PROMPT ▸ Begin your copy at the line with "Sandali di lusso" in the records below and end it at the line with "مدافع مازاد استقلال شاگرد بردیف شد", restating each line word for word; omit the pictures.

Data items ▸
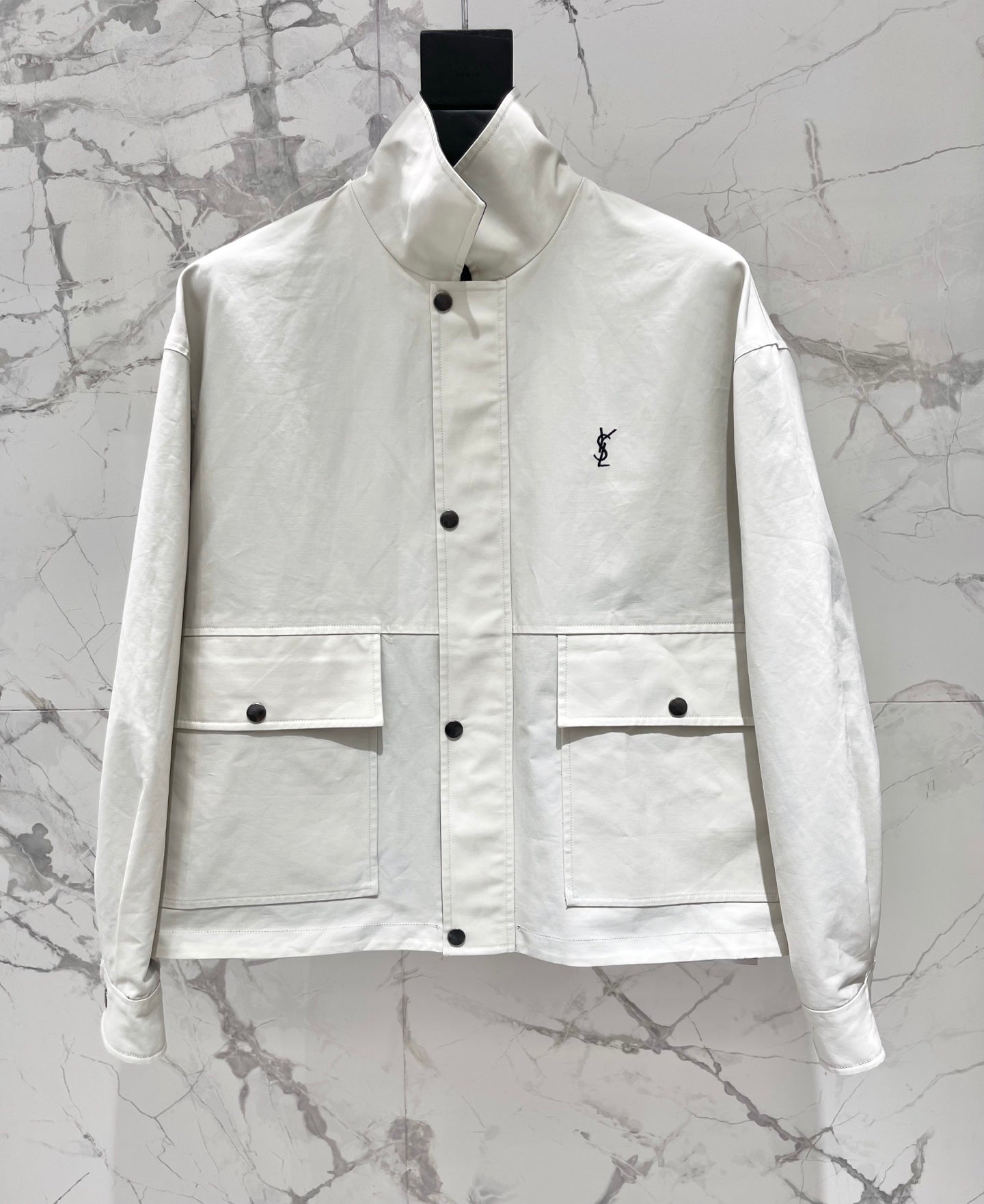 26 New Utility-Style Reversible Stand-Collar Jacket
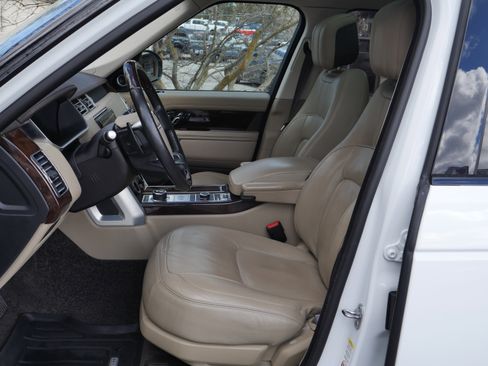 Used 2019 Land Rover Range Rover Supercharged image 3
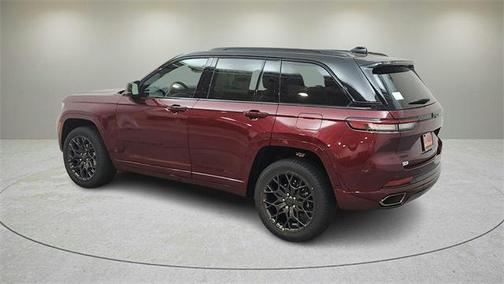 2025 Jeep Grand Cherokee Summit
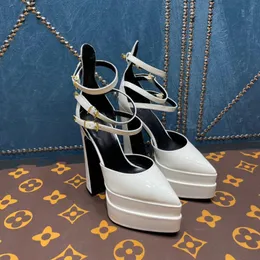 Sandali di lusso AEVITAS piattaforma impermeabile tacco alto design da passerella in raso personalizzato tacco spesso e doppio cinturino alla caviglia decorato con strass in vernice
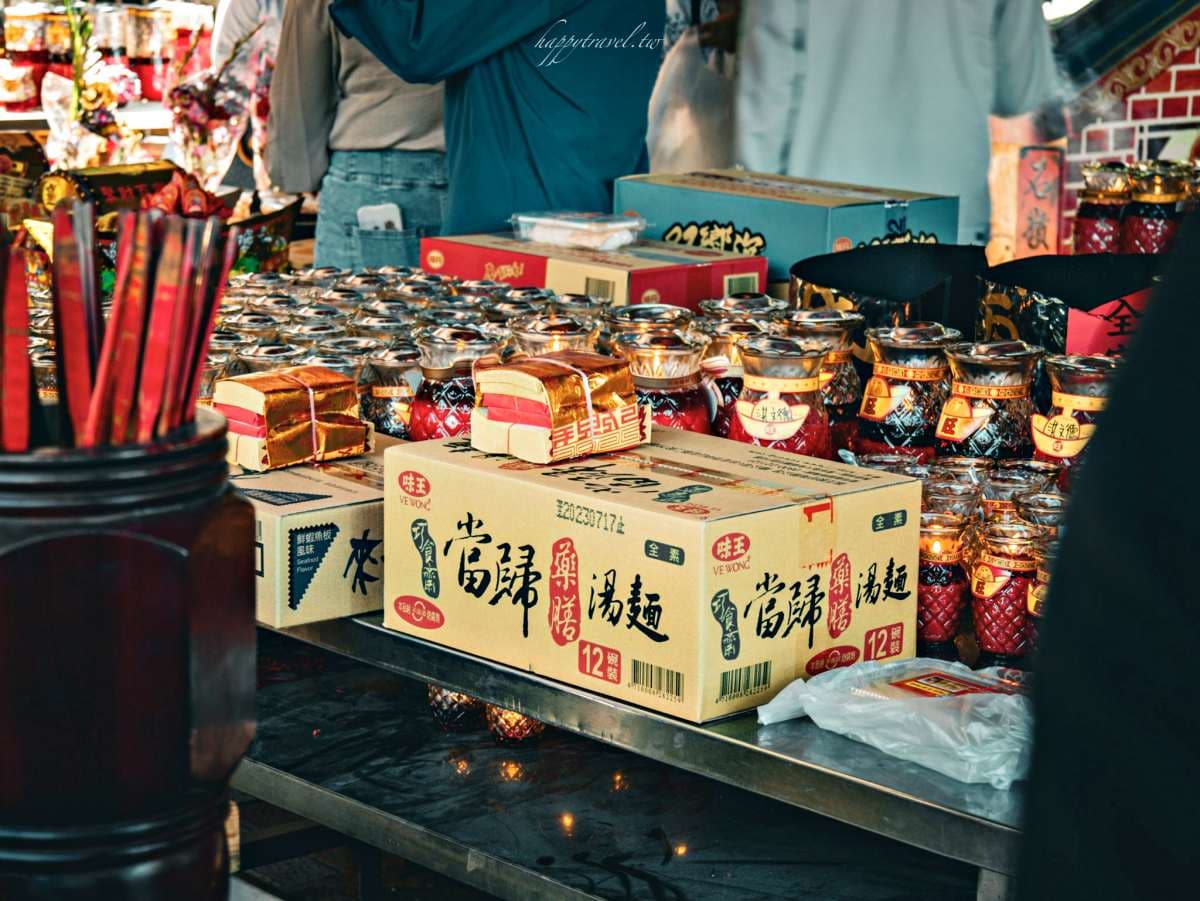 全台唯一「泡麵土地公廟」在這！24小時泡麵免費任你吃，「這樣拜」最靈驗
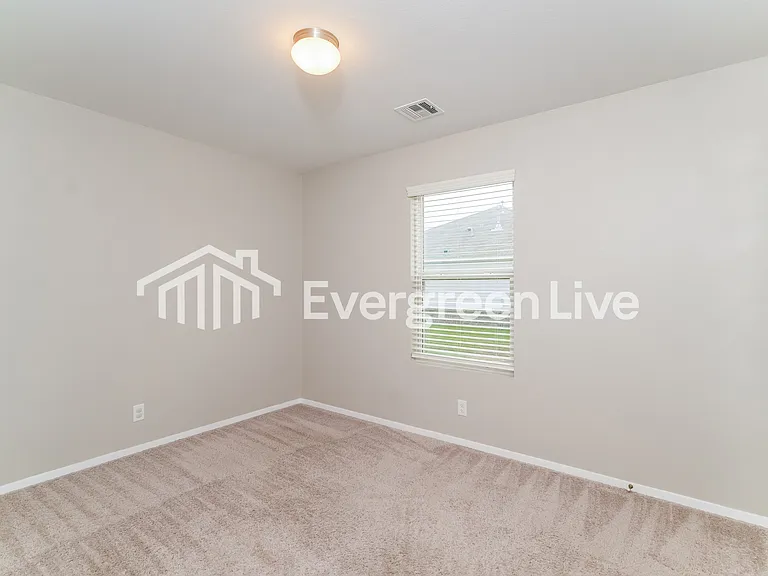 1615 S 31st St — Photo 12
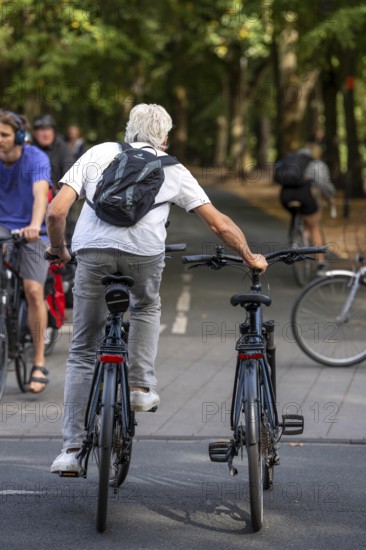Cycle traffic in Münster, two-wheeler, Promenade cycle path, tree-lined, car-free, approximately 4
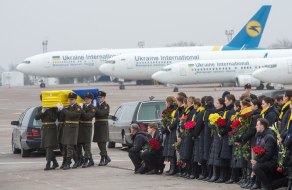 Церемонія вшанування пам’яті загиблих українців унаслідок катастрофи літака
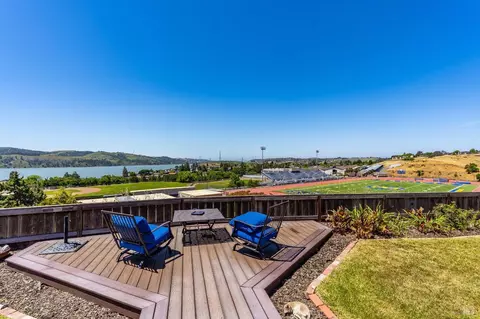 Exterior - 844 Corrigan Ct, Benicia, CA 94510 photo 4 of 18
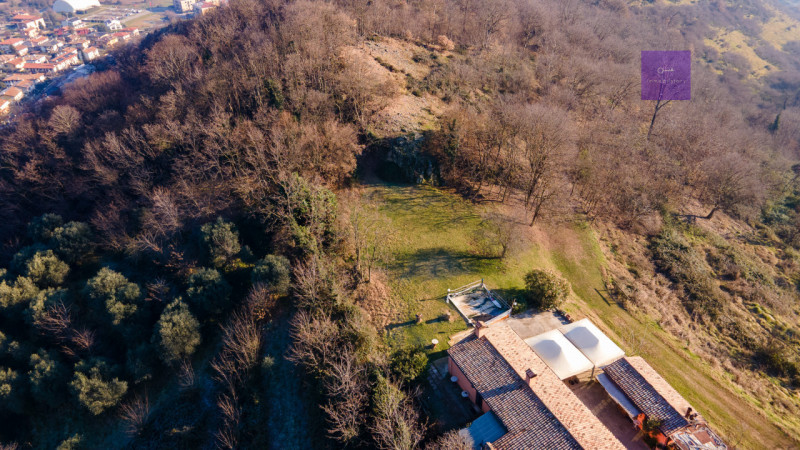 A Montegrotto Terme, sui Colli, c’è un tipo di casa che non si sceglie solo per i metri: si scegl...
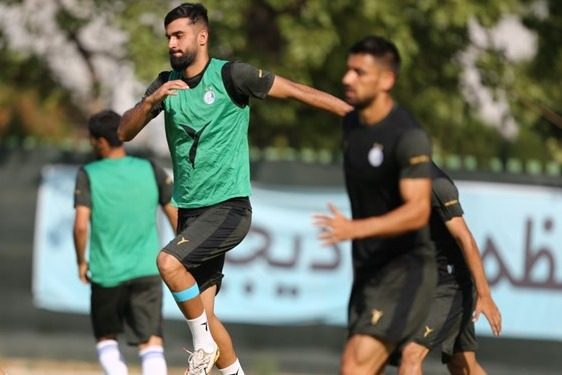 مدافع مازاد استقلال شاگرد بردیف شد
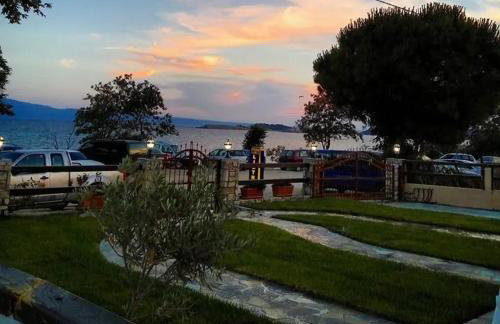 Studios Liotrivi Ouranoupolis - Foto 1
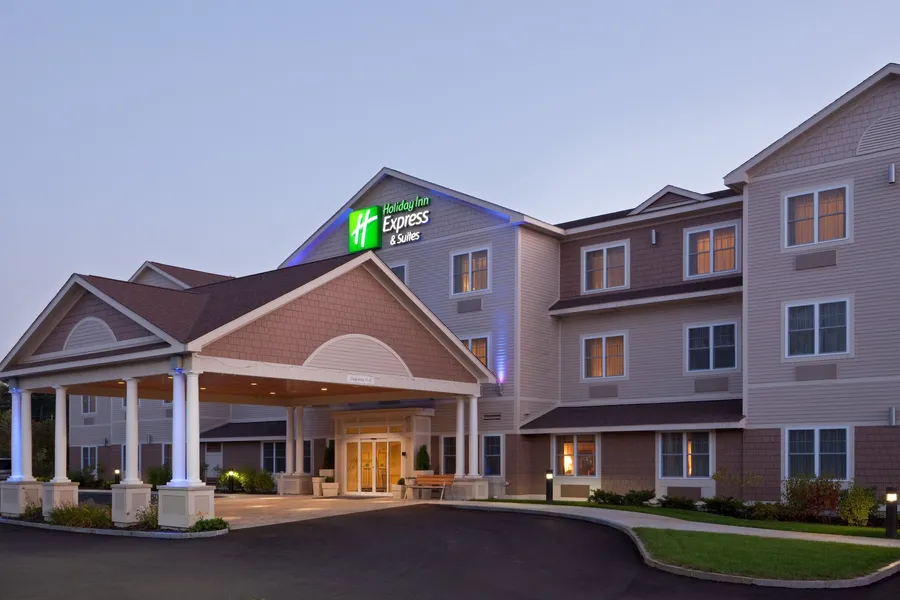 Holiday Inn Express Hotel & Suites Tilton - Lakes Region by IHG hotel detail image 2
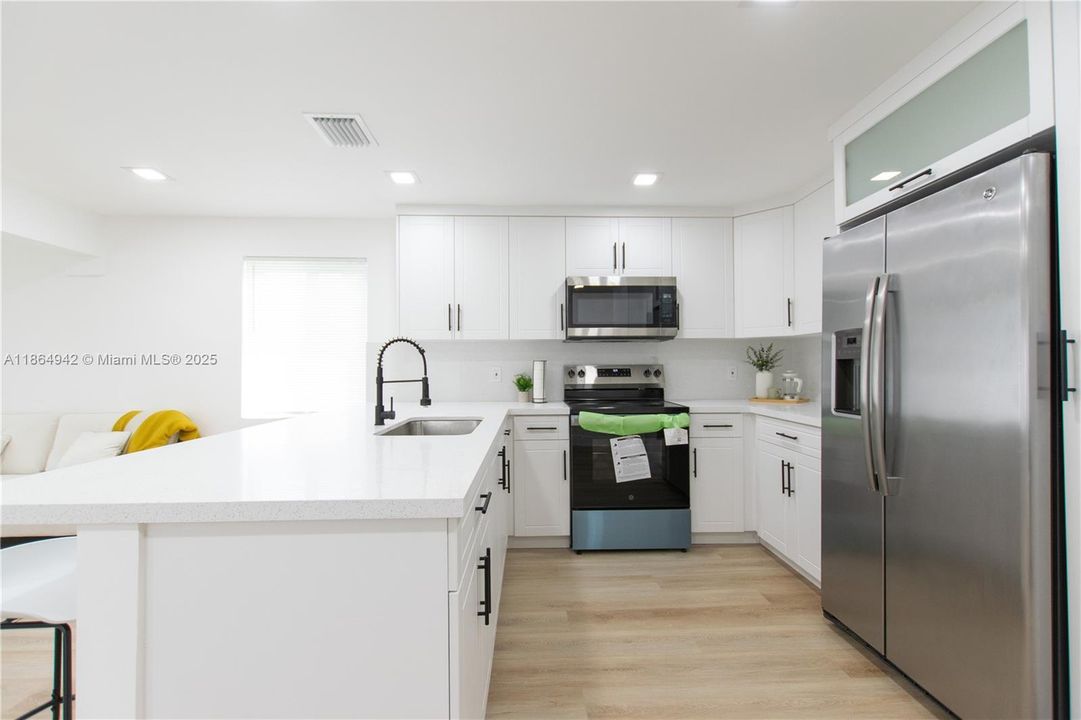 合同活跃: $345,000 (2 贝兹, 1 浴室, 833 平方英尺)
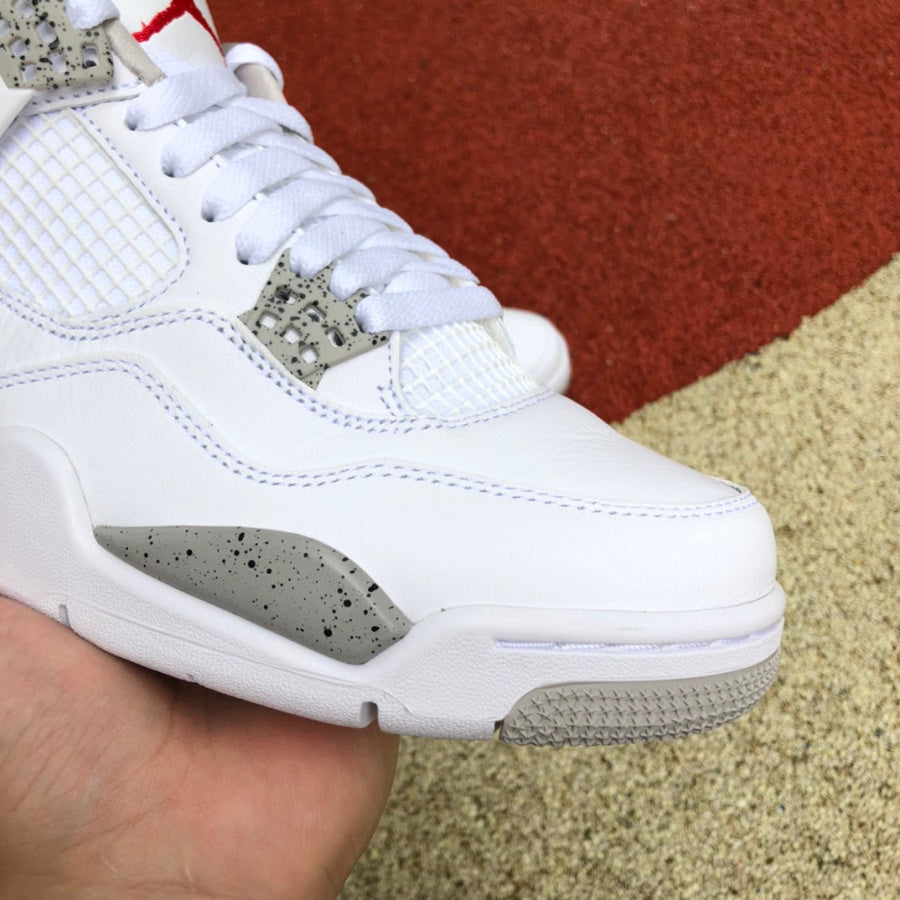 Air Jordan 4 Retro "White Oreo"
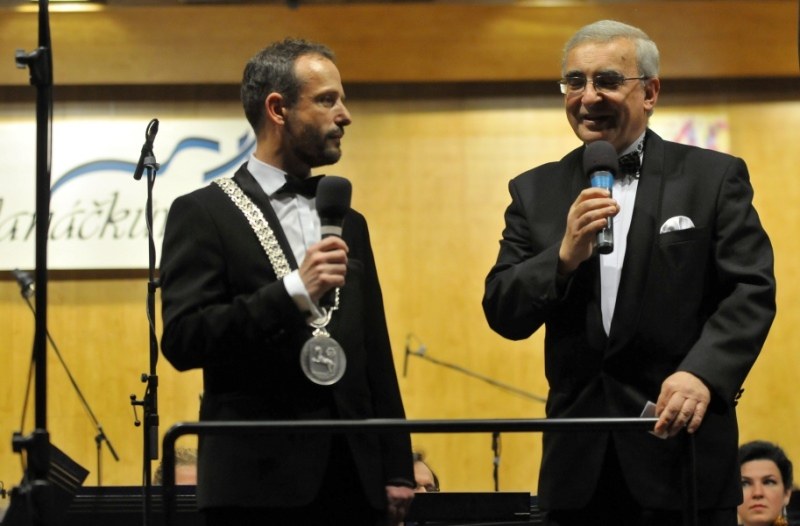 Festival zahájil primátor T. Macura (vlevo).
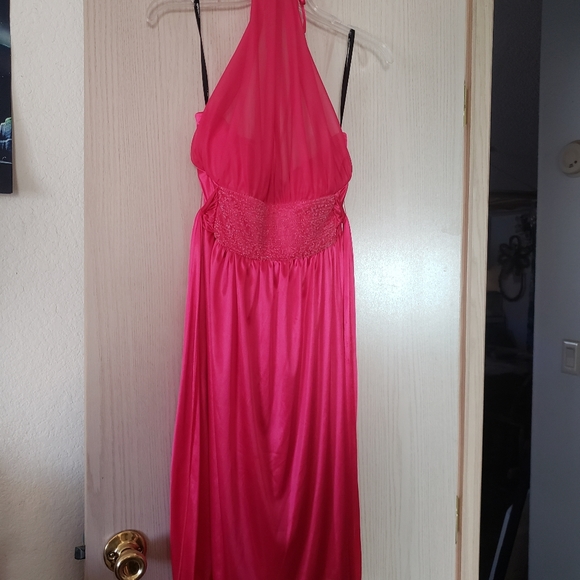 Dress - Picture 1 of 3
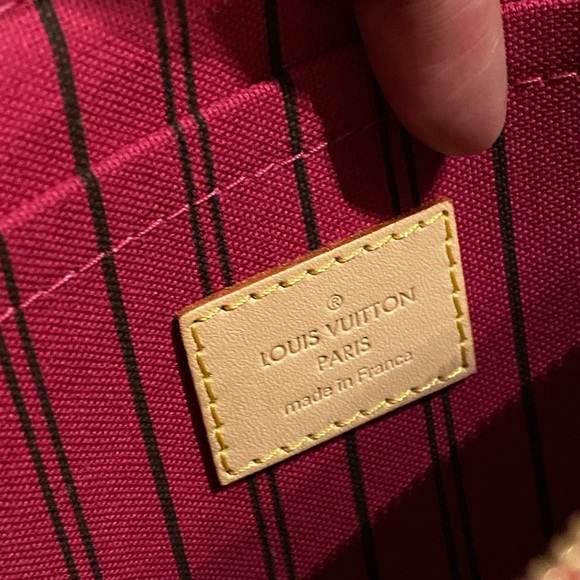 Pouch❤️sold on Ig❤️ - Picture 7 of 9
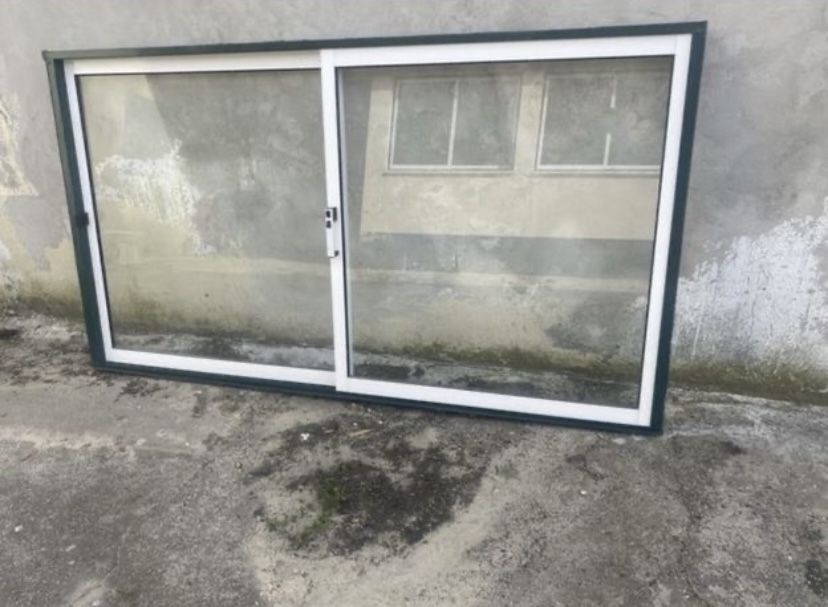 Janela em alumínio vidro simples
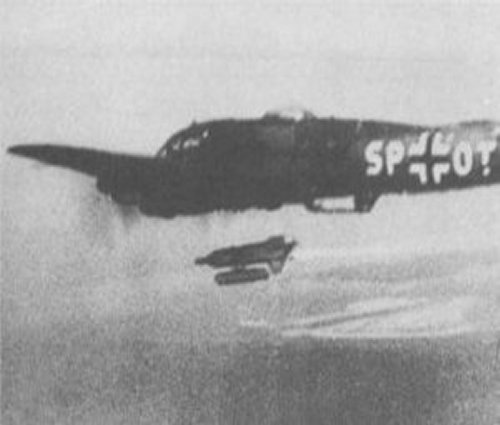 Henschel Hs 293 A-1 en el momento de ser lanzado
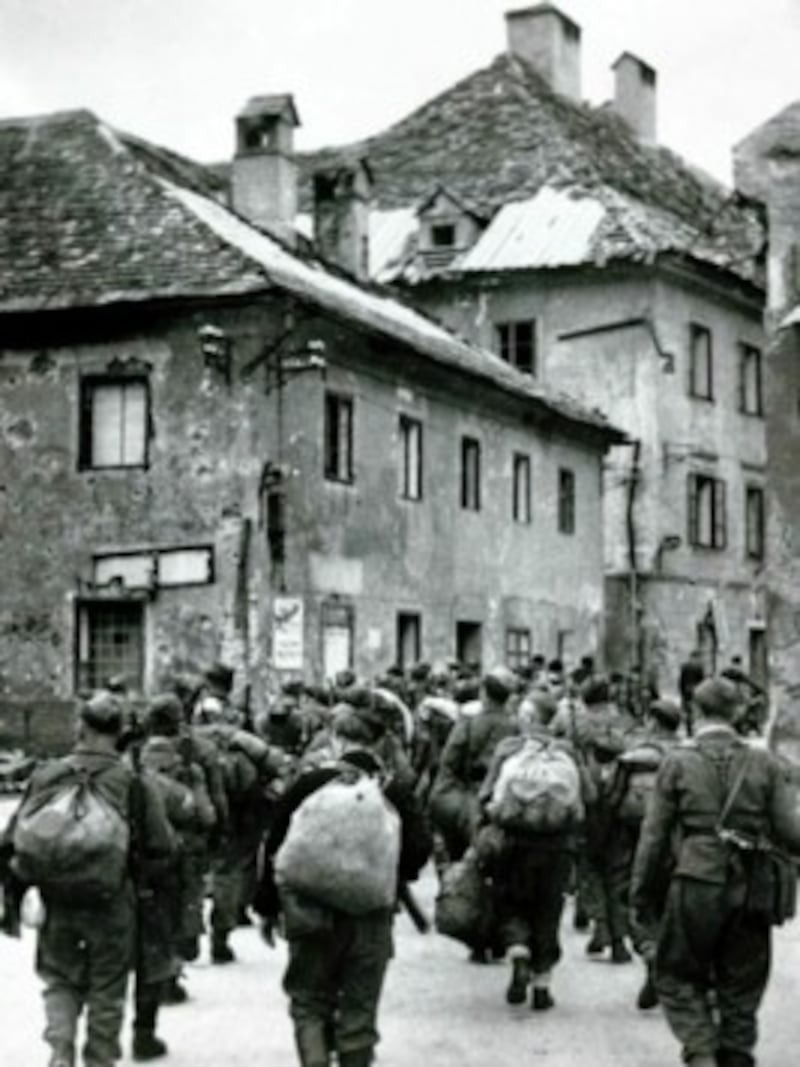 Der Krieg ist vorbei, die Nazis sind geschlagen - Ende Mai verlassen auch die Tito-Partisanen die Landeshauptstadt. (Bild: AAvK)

SOLUTION FOR THIS EXERCISE ▸
 Sandali di lusso AEVITAS piattaforma impermeabile tacco alto design da passerella in raso personalizzato tacco spesso e doppio cinturino alla caviglia decorato con strass in vernice
 全台唯一「泡麵土地公廟」在這！24小時泡麵免費任你吃，「這樣拜」最靈驗
 1615 S 31st St — Photo 12
Cycle traffic in Münster, two-wheeler, Promenade cycle path, tree-lined, car-free, approximately 4
 Церемонія вшанування пам’яті загиблих українців унаслідок катастрофи літака
 Exterior - 844 Corrigan Ct, Benicia, CA 94510 photo 4 of 18
 A Montegrotto Terme, sui Colli, c’è un tipo di casa che non si sceglie solo per i metri: si scegl...
 مدافع مازاد استقلال شاگرد بردیف شد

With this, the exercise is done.